*** DATASET EXTRACT Section Begins ***

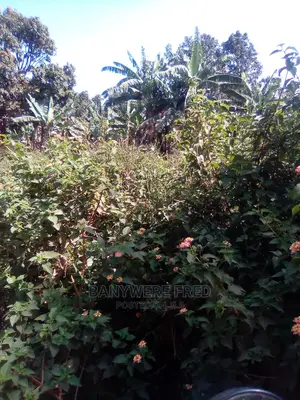 50/100 Plot for Sale in Nyeje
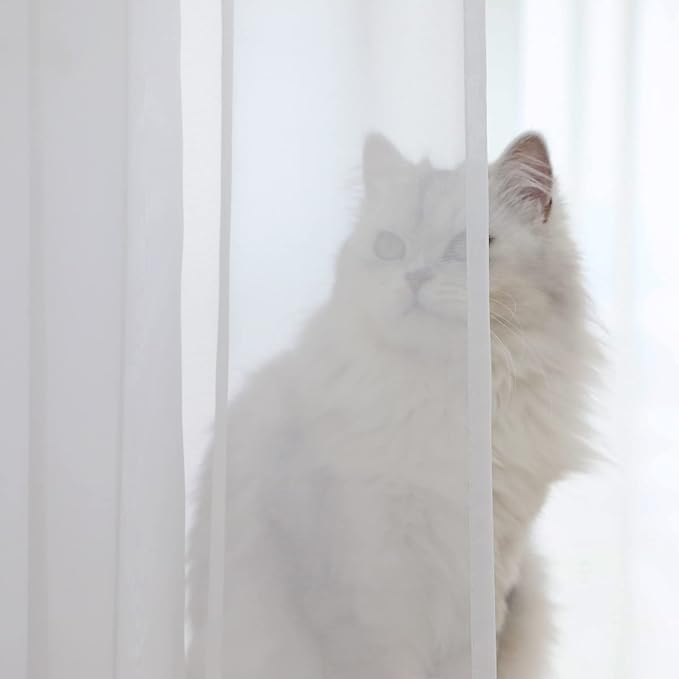 Window Ivory Sheer Curtains 84 Inches Long 2 Panels Sheer Curtain Basic Rod Pocket Panel for Bedroom Children Living Room Yard Kitchen (Ivory, 52" W x 84" L | 2 pcs)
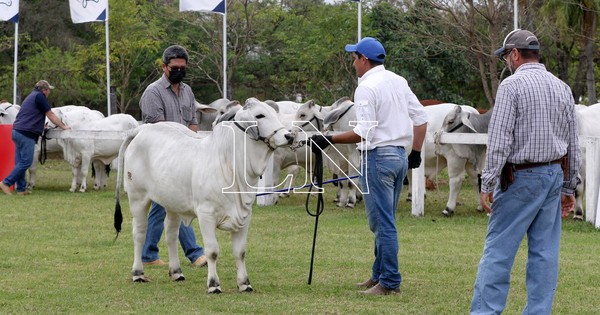 La Nación / Paraguay es un país adelantado en materia de reproducción ganadera, aseguran
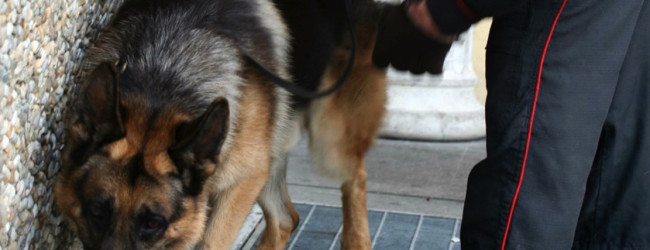 Corato – Nasconde hashish negli slip: il cane antidroga rischia di morderlo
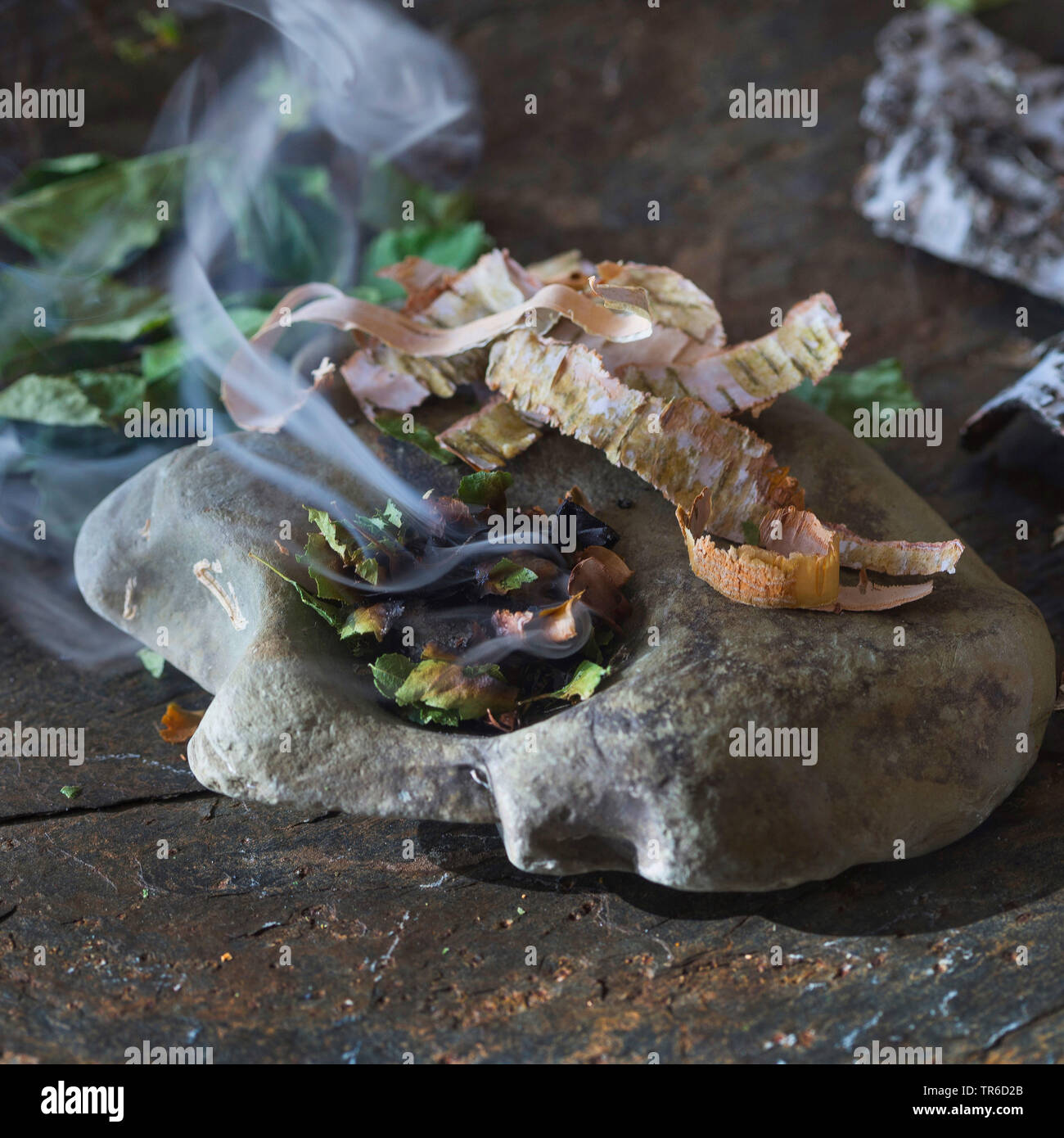 Bruning d'écorce de bouleau sur une pierre, Allemagne Banque D'Images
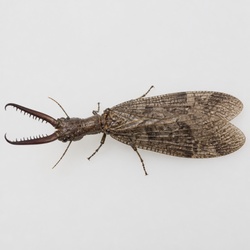 Eastern Dobsonfly Identification Guide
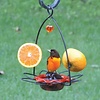 Oriole Flower Feeder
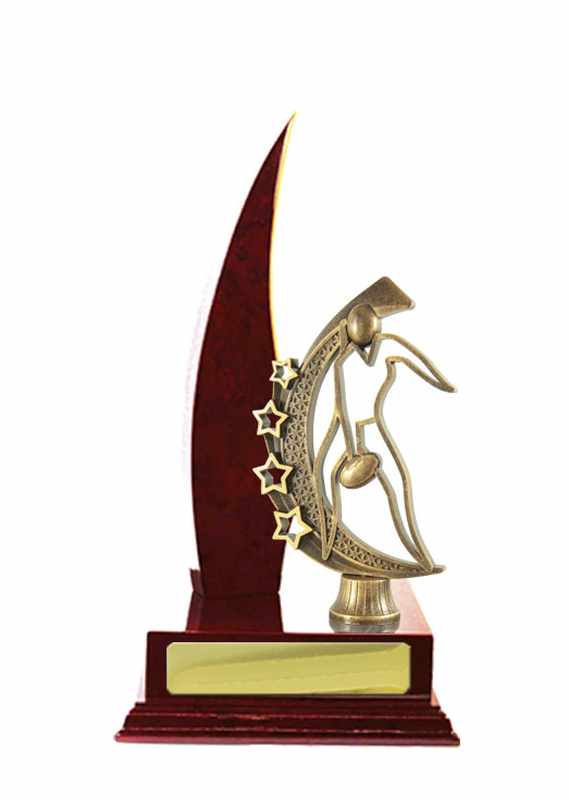 Costruzione di legname Aussie Rules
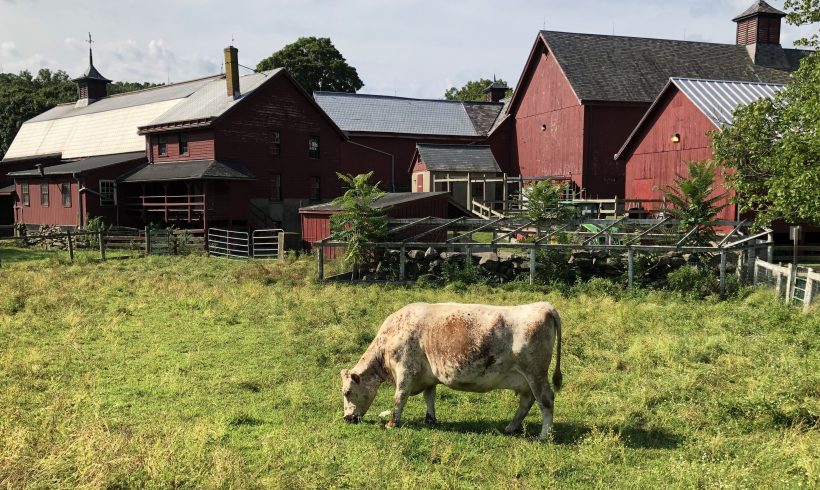 Council Awarded Climate Resilient Farming Grant Council Awarded Climate Resilient Farming Grant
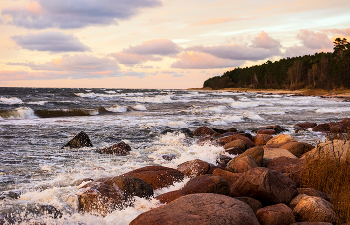 Свежий ветер / ***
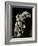 Winged Victory of Samothrace-null-Framed Photographic Print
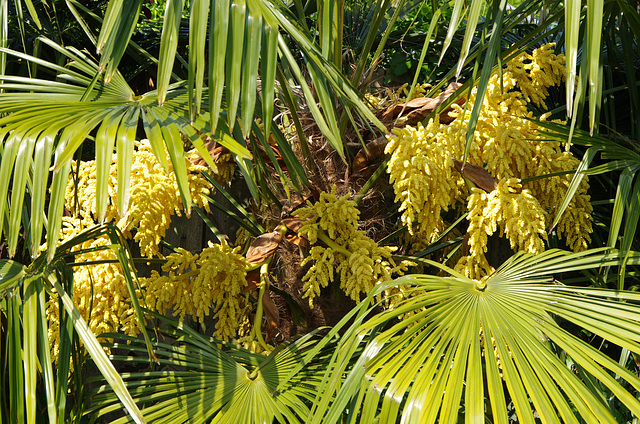 Chusan palm in 'flower'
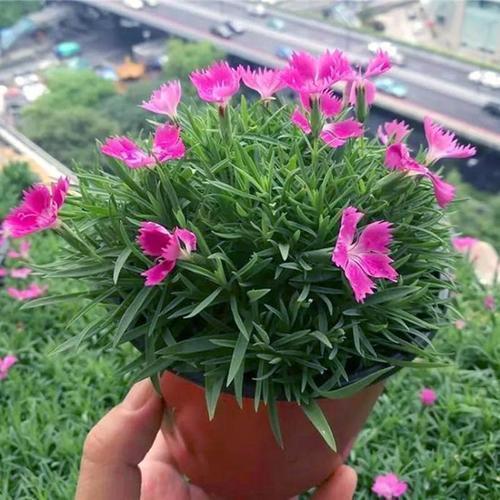 霜降节气经典文案说说(精选33句)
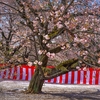 八重桜咲き始め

*** DATASET EXTRACT Section Ends ***

◆ **WHAT YOU WILL DO**
Please leave out the pictures while you copy exactly the lines from the one containing "Oriole Flower Feeder" through the end of the records.

◆ **COMPLETED TASK**
 Oriole Flower Feeder
 Costruzione di legname Aussie Rules
 Council Awarded Climate Resilient Farming Grant Council Awarded Climate Resilient Farming Grant
 Свежий ветер / ***
 Winged Victory of Samothrace-null-Framed Photographic Print
 Chusan palm in 'flower'
 霜降节气经典文案说说(精选33句)
 八重桜咲き始め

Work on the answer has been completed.